Thursday, May 1, 2008

17 April: Budget Trips vs. Experienced Trekkers

Tendi and Lama Jambu did a load to Camp I today. It took them about two hours to make it to their destination. Two hours. It took us two hours to barely make the Soccer Field the other day and these guys were at Camp I. Every time I see these Sherpas flying up and down the trail I'm constantly amazed at their physical abilities. And the most impressive thing? They are so down to earth about it- doing all this with a smile and incredible humility at what they can do. Here we are, wheezing, dying, gasping, snotting and doing everything in our power to keep from passing out when saying "hello" to someone on the trail. And whizzing past us at what seems like the speed of light with packs easily five times heavier come a train of Sherpas- not out of breath, dancing along the lines, and sure-footed as they come.

While these superhumans were trucking up to Camp I, the rest of us woke to another interesting morning of a humongo avalanche calving off Pumori.


As I watched this, I looked down and noticed that the Khumbu Icefall Lake District had extended all the way out to open up a new subdivision right by my tent. As Joe and I talked about this, we wondered aloud what the Icefall- especially the part where we park ourselves- would look like in four weeks time. While in Gorak Shep the other day, we noticed that a frozen lake we trekked right over was now essentially a puddle. Would the rest of the glacier follow suit? I'm a bit concerned that there might be one day that I return- tired, hungry, and wiped out. And then look around and wonder... hey, where'd my tent go? There is a smallish cavern right adjacent to my tent- I think it's just a linear crack, but when this morning I tried to dump rock after rock into the hole, it didn't seem to do much at all- even after 15 minutes of dumping. Given that most glacial movement seems to be happening in the evening hours, how bad would it be if one of those groans and creaks I hear each night ended up with me taking a quick drop into a frozen water bath? Yowzah.

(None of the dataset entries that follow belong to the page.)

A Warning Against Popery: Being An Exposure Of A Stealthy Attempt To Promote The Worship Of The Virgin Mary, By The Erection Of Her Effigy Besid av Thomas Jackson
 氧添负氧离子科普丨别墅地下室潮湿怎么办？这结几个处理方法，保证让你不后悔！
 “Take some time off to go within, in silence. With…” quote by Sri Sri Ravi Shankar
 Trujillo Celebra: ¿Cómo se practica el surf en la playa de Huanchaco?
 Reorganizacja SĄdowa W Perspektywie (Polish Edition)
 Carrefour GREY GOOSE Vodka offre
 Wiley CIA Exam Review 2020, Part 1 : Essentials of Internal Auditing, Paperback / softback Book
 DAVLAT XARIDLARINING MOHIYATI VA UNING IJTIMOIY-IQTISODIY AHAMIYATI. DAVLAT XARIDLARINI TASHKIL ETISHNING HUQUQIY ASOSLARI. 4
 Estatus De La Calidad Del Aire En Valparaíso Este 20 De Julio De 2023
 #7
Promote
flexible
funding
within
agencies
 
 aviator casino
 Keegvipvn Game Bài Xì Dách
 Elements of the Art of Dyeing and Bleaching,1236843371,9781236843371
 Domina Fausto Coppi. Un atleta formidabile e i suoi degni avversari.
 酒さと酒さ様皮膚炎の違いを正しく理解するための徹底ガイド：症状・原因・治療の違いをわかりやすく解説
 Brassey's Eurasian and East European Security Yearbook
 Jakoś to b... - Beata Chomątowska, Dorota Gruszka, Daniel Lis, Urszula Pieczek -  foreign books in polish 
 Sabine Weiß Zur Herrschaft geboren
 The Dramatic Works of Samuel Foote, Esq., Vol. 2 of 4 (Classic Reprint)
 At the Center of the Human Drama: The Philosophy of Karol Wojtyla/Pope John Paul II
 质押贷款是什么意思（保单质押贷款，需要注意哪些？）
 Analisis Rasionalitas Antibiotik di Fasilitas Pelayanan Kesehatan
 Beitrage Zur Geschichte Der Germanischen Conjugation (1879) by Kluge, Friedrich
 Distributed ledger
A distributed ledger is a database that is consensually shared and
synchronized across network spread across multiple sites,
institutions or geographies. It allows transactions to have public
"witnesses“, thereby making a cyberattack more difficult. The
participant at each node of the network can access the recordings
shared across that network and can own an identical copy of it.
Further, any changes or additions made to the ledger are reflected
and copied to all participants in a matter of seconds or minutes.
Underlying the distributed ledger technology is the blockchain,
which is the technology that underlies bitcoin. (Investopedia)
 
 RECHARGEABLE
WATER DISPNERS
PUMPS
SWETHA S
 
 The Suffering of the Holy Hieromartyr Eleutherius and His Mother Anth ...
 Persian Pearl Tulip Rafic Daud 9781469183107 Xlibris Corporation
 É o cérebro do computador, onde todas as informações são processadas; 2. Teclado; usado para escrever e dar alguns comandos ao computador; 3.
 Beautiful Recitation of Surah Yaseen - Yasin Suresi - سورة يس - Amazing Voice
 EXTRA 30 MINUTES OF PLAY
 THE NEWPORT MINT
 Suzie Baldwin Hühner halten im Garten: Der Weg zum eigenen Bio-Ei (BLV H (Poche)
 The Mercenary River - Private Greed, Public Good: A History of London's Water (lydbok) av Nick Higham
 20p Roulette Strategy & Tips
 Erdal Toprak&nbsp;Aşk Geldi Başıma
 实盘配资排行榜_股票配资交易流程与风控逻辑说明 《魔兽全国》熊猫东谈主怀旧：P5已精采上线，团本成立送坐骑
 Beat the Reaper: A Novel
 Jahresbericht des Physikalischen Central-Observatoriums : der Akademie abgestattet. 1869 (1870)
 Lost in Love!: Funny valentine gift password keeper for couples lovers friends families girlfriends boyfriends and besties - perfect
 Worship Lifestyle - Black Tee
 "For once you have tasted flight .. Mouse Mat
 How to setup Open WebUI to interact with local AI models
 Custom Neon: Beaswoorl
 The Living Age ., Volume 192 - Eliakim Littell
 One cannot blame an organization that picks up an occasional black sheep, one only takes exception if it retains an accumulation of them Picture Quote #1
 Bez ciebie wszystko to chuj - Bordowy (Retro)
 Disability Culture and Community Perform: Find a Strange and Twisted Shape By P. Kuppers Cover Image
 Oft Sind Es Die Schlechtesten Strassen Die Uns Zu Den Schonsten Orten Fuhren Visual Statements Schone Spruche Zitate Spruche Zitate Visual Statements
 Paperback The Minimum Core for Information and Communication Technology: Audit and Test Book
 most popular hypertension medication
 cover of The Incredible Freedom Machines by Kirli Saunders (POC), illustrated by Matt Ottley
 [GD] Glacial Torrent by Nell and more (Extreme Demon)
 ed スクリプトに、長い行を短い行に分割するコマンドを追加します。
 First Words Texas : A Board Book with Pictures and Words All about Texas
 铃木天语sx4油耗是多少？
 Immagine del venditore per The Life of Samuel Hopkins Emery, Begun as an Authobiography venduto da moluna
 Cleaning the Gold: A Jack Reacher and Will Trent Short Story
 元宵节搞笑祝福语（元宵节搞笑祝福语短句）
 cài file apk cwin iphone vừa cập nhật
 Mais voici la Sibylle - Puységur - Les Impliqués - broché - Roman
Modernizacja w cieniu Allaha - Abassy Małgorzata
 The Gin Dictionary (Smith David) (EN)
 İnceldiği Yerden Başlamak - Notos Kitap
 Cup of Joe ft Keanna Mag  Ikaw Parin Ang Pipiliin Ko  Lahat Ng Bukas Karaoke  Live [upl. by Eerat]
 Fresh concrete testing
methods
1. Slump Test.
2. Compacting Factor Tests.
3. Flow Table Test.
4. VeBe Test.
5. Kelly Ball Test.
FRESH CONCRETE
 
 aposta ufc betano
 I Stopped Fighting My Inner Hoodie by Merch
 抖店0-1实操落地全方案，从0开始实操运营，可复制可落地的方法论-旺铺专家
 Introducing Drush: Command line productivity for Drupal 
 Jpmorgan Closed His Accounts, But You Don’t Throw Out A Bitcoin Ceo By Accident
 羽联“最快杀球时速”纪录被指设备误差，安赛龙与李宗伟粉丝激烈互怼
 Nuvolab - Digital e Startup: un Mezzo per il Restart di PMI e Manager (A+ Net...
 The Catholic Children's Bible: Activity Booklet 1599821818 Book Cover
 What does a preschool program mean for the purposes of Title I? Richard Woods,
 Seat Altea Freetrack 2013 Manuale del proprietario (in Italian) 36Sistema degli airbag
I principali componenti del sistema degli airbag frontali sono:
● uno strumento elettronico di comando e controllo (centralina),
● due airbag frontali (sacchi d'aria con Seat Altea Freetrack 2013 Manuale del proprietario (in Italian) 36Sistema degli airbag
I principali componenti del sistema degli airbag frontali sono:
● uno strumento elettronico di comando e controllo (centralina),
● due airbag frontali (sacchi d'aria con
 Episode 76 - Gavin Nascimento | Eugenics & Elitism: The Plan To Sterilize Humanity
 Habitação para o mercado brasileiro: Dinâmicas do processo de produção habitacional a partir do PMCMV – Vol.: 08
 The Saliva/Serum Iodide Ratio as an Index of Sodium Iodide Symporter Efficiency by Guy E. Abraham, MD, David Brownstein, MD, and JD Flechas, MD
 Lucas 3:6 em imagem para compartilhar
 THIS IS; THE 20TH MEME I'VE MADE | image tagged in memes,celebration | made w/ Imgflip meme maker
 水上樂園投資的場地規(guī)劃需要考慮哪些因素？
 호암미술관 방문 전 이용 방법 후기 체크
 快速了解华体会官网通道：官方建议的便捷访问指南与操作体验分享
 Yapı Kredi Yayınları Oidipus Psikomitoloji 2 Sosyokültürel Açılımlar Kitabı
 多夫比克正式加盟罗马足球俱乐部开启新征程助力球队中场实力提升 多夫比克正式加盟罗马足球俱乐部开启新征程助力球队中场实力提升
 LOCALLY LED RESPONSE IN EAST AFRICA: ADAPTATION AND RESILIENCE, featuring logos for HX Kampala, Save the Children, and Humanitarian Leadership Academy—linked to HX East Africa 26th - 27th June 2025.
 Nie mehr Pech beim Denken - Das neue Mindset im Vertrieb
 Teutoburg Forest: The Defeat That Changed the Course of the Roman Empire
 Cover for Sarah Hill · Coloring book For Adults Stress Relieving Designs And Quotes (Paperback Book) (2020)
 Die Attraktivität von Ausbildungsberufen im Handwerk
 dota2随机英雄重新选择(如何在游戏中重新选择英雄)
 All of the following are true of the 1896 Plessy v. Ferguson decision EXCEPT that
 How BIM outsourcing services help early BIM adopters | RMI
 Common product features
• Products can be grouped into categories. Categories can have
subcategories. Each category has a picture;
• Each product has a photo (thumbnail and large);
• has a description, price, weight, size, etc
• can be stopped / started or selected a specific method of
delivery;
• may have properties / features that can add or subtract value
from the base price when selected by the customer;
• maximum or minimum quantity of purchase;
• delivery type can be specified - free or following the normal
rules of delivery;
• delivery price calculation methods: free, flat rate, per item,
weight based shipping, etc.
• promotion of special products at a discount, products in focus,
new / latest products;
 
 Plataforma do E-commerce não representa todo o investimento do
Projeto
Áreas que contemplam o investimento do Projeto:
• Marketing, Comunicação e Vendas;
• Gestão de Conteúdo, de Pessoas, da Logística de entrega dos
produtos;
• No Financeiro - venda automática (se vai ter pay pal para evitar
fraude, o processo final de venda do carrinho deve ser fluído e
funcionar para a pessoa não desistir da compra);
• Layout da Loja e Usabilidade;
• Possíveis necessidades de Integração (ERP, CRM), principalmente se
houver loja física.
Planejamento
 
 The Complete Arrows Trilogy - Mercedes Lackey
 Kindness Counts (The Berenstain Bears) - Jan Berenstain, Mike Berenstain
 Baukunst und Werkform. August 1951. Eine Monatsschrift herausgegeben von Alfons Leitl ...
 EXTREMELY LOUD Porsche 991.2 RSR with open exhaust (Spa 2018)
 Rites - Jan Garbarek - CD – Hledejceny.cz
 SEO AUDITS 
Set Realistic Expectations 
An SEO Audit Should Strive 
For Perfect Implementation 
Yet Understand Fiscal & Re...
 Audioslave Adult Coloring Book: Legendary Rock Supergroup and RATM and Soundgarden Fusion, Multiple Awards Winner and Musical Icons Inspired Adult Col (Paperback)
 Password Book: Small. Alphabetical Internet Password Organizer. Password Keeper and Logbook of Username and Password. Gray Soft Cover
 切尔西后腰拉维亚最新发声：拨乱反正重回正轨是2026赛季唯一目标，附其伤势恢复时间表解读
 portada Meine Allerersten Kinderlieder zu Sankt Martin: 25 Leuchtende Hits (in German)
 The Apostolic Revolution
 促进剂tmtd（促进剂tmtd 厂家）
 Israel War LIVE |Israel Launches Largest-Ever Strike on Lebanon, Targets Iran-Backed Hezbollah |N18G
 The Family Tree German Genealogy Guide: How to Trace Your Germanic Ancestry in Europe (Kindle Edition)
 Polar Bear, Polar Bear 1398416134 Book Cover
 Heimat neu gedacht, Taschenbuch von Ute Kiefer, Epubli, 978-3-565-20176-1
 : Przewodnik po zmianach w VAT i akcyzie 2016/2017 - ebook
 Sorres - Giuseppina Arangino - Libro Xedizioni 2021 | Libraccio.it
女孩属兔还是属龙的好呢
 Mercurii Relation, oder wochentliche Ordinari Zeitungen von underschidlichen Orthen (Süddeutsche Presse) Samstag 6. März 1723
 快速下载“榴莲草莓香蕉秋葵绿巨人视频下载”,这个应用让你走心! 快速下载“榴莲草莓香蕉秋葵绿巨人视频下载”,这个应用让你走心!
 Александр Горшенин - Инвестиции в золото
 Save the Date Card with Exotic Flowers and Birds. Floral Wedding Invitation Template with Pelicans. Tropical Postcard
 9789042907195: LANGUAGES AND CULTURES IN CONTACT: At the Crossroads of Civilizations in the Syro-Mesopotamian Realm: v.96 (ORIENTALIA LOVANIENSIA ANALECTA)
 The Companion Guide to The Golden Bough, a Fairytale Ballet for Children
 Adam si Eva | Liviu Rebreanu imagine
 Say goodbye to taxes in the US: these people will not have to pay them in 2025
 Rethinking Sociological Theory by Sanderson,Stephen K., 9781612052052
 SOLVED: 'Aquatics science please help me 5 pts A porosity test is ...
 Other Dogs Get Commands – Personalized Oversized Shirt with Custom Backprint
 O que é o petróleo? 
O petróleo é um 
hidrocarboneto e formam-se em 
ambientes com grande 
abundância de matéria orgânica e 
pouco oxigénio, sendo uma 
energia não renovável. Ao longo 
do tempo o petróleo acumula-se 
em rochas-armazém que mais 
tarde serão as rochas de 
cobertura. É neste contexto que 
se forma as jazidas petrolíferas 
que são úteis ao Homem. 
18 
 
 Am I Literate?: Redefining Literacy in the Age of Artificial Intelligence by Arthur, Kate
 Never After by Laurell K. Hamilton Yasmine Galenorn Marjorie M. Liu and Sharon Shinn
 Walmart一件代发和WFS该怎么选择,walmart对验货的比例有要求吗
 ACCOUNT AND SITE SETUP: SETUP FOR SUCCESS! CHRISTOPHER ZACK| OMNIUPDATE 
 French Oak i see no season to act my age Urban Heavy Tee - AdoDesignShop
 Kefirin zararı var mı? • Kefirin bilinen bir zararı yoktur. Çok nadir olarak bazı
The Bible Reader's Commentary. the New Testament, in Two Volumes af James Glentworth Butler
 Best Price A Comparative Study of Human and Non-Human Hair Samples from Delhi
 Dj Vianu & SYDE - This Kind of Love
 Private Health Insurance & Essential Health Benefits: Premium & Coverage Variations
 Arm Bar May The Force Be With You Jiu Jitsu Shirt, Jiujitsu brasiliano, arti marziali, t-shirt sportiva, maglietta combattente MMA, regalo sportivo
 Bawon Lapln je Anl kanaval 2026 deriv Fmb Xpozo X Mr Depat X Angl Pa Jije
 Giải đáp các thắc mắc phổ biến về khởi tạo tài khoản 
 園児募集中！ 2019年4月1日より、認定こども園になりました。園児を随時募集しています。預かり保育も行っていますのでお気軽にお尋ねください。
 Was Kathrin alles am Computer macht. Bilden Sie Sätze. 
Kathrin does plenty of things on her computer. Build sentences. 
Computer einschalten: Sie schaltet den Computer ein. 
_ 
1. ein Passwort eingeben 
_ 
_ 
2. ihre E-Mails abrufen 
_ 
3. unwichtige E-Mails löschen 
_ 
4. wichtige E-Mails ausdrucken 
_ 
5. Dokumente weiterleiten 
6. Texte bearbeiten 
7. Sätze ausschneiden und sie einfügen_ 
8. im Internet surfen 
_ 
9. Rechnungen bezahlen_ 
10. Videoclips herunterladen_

Still, the nights these days are eerie. Silent at times with no wind. Mountains stand like giant ghosts in moonlight. Then in the distance you can hear the hurricane force winds whipping off peaks like faint jet engines, occasionally dropping down & rattling the tents where you can hear gusts coming like a freight train from a long way off. We learned that winds along the mountain tops are to be between 80 & 100 mph. Last night we had a spring storm, lashing tents with vigor & accumulating snow. But most of us were too exhausted to notice much and the snow melted off by ten. As the moon approaches full, its intensity is magnified by the snow, creating a truly beautiful sight and you don’t even need your headlamp. But crystal clear night = quite cold as well... and we are. Yee cats is it cold. But so incredibly beautiful.


Tomorrow we plan to ascend to Camp I and possibly Camp 2. Acclimatization is such an interesting phenomenon. Other teams are going at different rates and different plans- not all logical. It is here that you truly see what can get an unprepared climber into trouble, and where experience pays off. At the top of one ice shelf yesterday, Willie is chatting with two climbers on a budget trip. Their Sherpa ratio is 7:1 and they largely set their own schedule, which has them in the Icefall ascending much later than Willie or our Sherpa team are comfortable with. The look on their faces when they realize in conversation that they are several liters short of O2 for summit day... meanwhile, another climber at the point of exhaustion, completely decked out in down & expedition weight mittens/ overboots takes a full ten minutes on one ladder. He looks to be overheating in the noon sun, but struggles- finally- to the top of the ladder, immediately taking a knee. His three country flags flutter proudly from his gear, but perhaps like their owner, too proudly. He ignores our questions as to if he is ok, and even Lhakpa's checking on him. These people have no safety net if things go wrong. It's at times like these that you don't skimp and essentially get what you pay for.

In 2002, I had Lasik on my eyes. There are plenty of places around advertising $500, or something akin to basic budget Lasik. I went with a guy in DC that cost over $3000, but is the doctor that performs eye surgery on FBI sharpshooters. To me, there wasn't even a discussion about the value. There are some things you don't put a price tag on. To me, finding yourself halfway up Everest with no safety net in the event the shit hits the fan is exactly one of those things.